Trevor develops a crush on Paul's casual girlfriend, Diane Butcher (Sophie Lawrence), which is not reciprocated. He sides with Diane when Paul jilts her in favour of Julie Cooper. He lends her his support and even invites her out one night, which Diane agrees to, but only to make Paul jealous. Trevor is overjoyed and thinks that a relationship will be possible. His dreams, however are shattered when Paul dumps Julie and immediately reconciles with Diane.

More bad luck follows for Trevor when he becomes the prime suspect for a series of thefts at The Queen Vic. Trevor is not guilty and is just unlucky enough to be in the wrong place at the wrong time. After receiving a tirade of abuse from Frank and being barred from The Vic, Trevor does some investigating for himself and discovers that the real culprit is Frank's daughter, Janine (Rebecca Michael). After confronting her, she runs away from home in fear. Trevor is beside himself with worry, hysterically blaming himself for the whole ordeal. Janine is eventually found inside a derelict van with the stolen items on her, and Trevor is exonerated.

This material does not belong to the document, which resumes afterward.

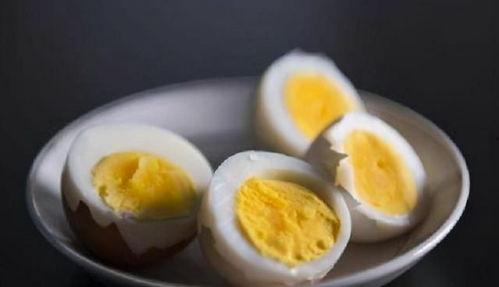 鸡蛋的视频,营养与美味的完美融合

During the latter part of 1989, Trevor manages to get himself into trouble with the Department of Social Security for benefit fraud. It is revealed that Trevor has been signing on for unemployment benefit while being employed at Pete's stall. For a while it looks as if Trevor will face prosecution or a heavy fine, and he reacts with typical hysteria at the prospect of going to prison. In the end, he manages to avoid this by signing off of 'the dole' and promising to never fraudulently claim benefits again.

In December 1989, Trevor is heartbroken when Paul decides he'd had enough of living in London, and moves away from Walford. Trevor mopes around feeling sorry for himself for a while but manages to take his mind off things by developing a new crush, this time on Shireen Karim (Nisha Kapur). Shireen is polite enough to let him think his attention is appreciated and even agrees to go on a date with him. Trevor spends a lot of time preparing for the date, seeking advice from almost everyone on the Square, and it ends up being a success. However, after the date, Shireen tells Trevor that it can only be a one off occurrence, as she is already betrothed. Trevor is outraged and makes several attempts to point out the unfairness of arranged marriages to Shireen's father, all of which have no effect whatsoever.

In February 1990, Paul returns to Walford briefly to give Frank Butcher information on his missing daughter, Diane, who has run away from home. Trevor is overjoyed to see him again, but his happiness is fleeting as Paul soon announces that he is leaving once again, and this time for good. Seeing how upset Trevor is over this, Paul decides to ask him to join him in his home town of Leeds. As Trevor has made such a great success of gardening the local allotments, Paul is sure that he can make a career of it up north. Trevor is overjoyed, and leaves with Paul in March 1990.